True life is lived when tiny changes occur – Leo Tolstoy
Sometimes my friends in an almost accusing tone say that I bottle up my emotions and it’s not healthy. I open up only after they ask me to or at times when I’m forced to. When I thought about why I tend to hold it all in rather than say what’s bothering me, I found that I do this rather unknowingly. Sometimes it’s hard to open up to people. It is mostly cause I am almost at a loss to explain what’s actually going through my mind or even where to start. There is a whirlwind of thoughts that keeps churning and often goes out of hand and leaves me a panicky, melancholy, silent mess and results in me keeping people at a distance and keeping my emotions to myself. This could be avoided if I tell someone what’s going on but I am always at a loss as to where to start.

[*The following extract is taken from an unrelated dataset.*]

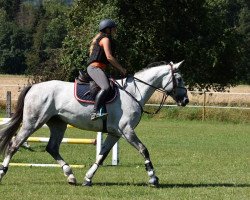 jumper JPG Horses Limited Edition (Oldenburg show jumper, 2015, from Lorano 15)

Being an only child I have felt that I have to rely on myself and maybe not much on others. Growing up without any sibling I have felt this bone-deep need to be independent and self reliant in almost everything that it has trickled down to every aspect of my life. When I used to be in my teens, I used to share a lot about what’s in my mind with my friends. But as I grew older I slowly stopped sharing. Somewhere along the way I started growing weary of people and found that it’s hard to trust them. I realized that people often tend to have drastically different faces which is hard to reconcile. I think to an extend this trust issue has made me a little closed off and hard to understand.
I have often found that when I try to open up to people I feel more confused or more in turmoil. It almost feels as if they give advice than just listen. Sometimes a person needs someone who will say that ‘It will all get better’ rather than advice. Maybe they are meaningless empty words, but the effect it has is quiet comforting.

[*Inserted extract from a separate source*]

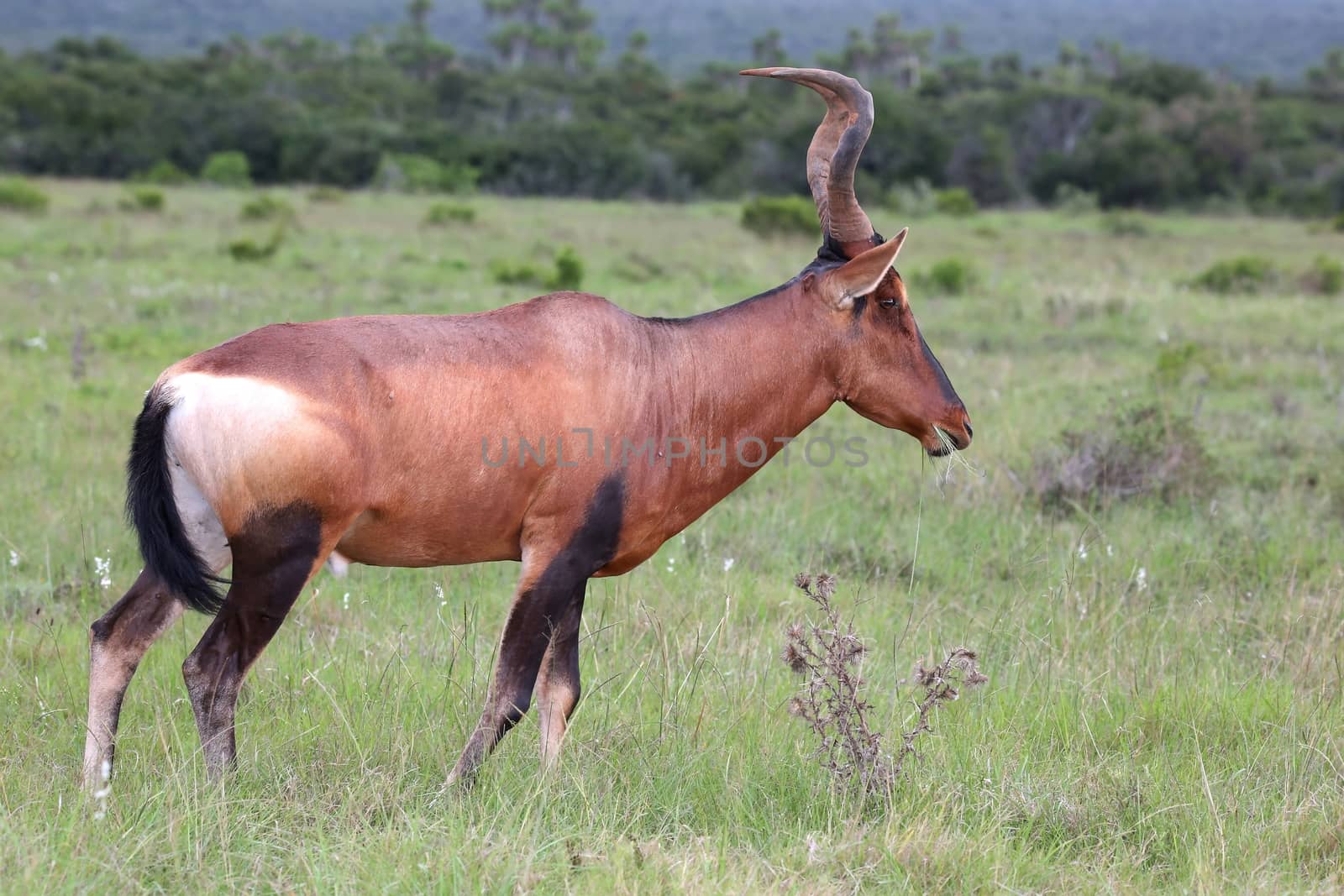 Red Hartebeest antelope by fouroaks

The other day a really good friend of mine said that sometimes people don’t respond with the customary ‘it’s okay’ cause maybe they feel that they are empty and meaningless and does not really help and also cause more is expected of them. Maybe that could be a reason. But at times when we know the problem and also the solution, all we need is someone saying that it will get better. And as for the confusion as to where to start she said just to start somewhere. When I thought about it, it actually made sense..!!! Just start somewhere and the rest will be easy. The time that I had spent talking to her was the best I had in a while and left me feeling really light-hearted.
I realize that keeping it all in is not healthy. I also realize that it’s better to share as it will make you feel better. So I have made a decision to not let my emotions and worry get the better of me and to share it with someone. To anyone who might be reading this, if you tend to bottle it all up, just share, cause there is nothing that makes you feel better than knowing that people who love you support you. To all those who listen, keep doing what you are doing and tell them that it’s okay and things will surely get better. To all those who advice rather than listen, which I am also guilty of at times, strive to maybe listen more.